Dabei sind deutsche Sinti und Roma seit Jahrhunderten hier beheimatet
und verstehen sich in der Mehrheit als ganz normale Deutsche,
die inzwischen in allen gesellschaftlichen Bereichen und in allen
Berufen integriert sind.
Das galt auch weitgehend schon vor
der nationalsozialistischen Machtergreifung.
Viele Sinti und Roma lebten ortsgebunden, übten bürgerliche
Berufe aus, dienten in der Armee und auch in der Marine.
Die meisten deutschen Sinti und Roma waren Christen.

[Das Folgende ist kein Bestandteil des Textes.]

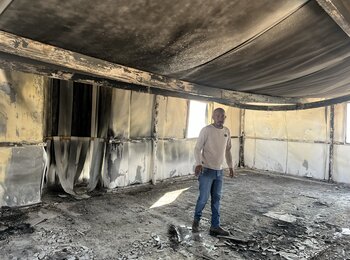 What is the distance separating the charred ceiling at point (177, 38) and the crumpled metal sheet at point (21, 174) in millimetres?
2308

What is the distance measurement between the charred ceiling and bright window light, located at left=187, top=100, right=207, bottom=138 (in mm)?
4326

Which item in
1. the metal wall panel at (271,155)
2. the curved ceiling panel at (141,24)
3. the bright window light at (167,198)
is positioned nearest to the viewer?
the curved ceiling panel at (141,24)

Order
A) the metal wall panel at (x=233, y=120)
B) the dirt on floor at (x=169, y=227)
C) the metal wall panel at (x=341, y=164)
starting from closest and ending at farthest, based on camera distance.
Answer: the dirt on floor at (x=169, y=227) → the metal wall panel at (x=341, y=164) → the metal wall panel at (x=233, y=120)

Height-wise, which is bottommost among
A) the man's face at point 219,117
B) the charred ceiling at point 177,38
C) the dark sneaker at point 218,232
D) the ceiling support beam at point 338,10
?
the dark sneaker at point 218,232

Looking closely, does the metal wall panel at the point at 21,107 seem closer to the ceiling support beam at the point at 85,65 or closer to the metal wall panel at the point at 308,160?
the ceiling support beam at the point at 85,65

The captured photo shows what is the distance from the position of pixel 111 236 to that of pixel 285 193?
3656 millimetres

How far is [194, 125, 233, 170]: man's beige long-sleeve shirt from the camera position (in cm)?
315

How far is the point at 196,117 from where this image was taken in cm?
676

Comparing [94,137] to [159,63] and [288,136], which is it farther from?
[288,136]

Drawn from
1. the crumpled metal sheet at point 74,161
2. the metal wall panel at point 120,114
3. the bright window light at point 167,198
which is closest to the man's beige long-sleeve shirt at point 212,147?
the bright window light at point 167,198

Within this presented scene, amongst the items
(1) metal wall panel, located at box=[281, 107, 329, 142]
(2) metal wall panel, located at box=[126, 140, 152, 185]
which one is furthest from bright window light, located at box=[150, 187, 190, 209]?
(1) metal wall panel, located at box=[281, 107, 329, 142]

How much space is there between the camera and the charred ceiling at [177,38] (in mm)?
1159

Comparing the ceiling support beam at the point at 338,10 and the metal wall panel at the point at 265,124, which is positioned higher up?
the ceiling support beam at the point at 338,10

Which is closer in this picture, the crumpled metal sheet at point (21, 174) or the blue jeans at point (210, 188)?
the blue jeans at point (210, 188) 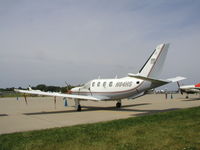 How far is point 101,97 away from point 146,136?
12.6 meters

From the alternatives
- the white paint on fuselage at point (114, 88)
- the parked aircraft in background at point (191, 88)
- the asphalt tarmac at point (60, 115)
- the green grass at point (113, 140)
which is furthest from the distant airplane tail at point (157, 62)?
the parked aircraft in background at point (191, 88)

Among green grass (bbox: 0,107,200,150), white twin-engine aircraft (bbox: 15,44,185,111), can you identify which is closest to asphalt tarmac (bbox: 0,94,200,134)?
white twin-engine aircraft (bbox: 15,44,185,111)

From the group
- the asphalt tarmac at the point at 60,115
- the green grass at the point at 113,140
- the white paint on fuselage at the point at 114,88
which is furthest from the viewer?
the white paint on fuselage at the point at 114,88

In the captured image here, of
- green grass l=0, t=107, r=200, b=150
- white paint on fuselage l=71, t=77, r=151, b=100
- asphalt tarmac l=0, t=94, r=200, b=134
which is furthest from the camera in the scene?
white paint on fuselage l=71, t=77, r=151, b=100

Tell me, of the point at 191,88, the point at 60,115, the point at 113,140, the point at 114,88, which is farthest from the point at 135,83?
the point at 191,88

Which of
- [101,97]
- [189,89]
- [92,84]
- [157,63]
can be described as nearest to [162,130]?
[157,63]

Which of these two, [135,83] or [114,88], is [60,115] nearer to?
[114,88]

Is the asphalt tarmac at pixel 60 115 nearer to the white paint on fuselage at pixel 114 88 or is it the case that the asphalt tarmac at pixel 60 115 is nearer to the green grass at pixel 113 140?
the white paint on fuselage at pixel 114 88

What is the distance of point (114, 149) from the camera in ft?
19.6

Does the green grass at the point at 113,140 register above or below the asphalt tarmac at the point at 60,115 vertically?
above

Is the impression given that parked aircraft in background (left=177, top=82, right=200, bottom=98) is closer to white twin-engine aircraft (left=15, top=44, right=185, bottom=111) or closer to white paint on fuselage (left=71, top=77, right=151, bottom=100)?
white twin-engine aircraft (left=15, top=44, right=185, bottom=111)

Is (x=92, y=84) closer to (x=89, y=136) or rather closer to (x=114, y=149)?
(x=89, y=136)

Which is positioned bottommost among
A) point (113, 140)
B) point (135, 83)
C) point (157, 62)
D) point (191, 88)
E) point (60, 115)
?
point (191, 88)

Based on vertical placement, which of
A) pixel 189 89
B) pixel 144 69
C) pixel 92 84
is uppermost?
pixel 144 69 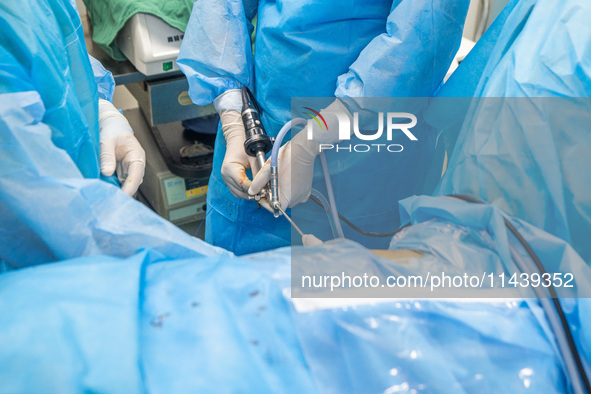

Dennoch gab es weit verbreitet die noch heute erhaltenen Vorurteile
über Zigeuner als fahrendes Gesindel", das bettelt,
stiehlt und arbeitsscheu ist.
Zigeuner" waren
zwar den Nationalsozialisten verdächtig, sie wurden aber
nicht so öffentlich und vordringlich zum Volksfeind erklärt,
wie die Juden. Deshalb wollte man nach dem Krieg zunächst
nicht wahrhaben, daß es überhaupt eine systematische
Verfolgung gegeben hatte. Viele überlebende Opfer mußten
jahrelang um die Anerkennung und Wiedergutmachung kämpfen.
Rassenideologen der Nationalsozialisten
erklärten die Zigeuner für minderwertig.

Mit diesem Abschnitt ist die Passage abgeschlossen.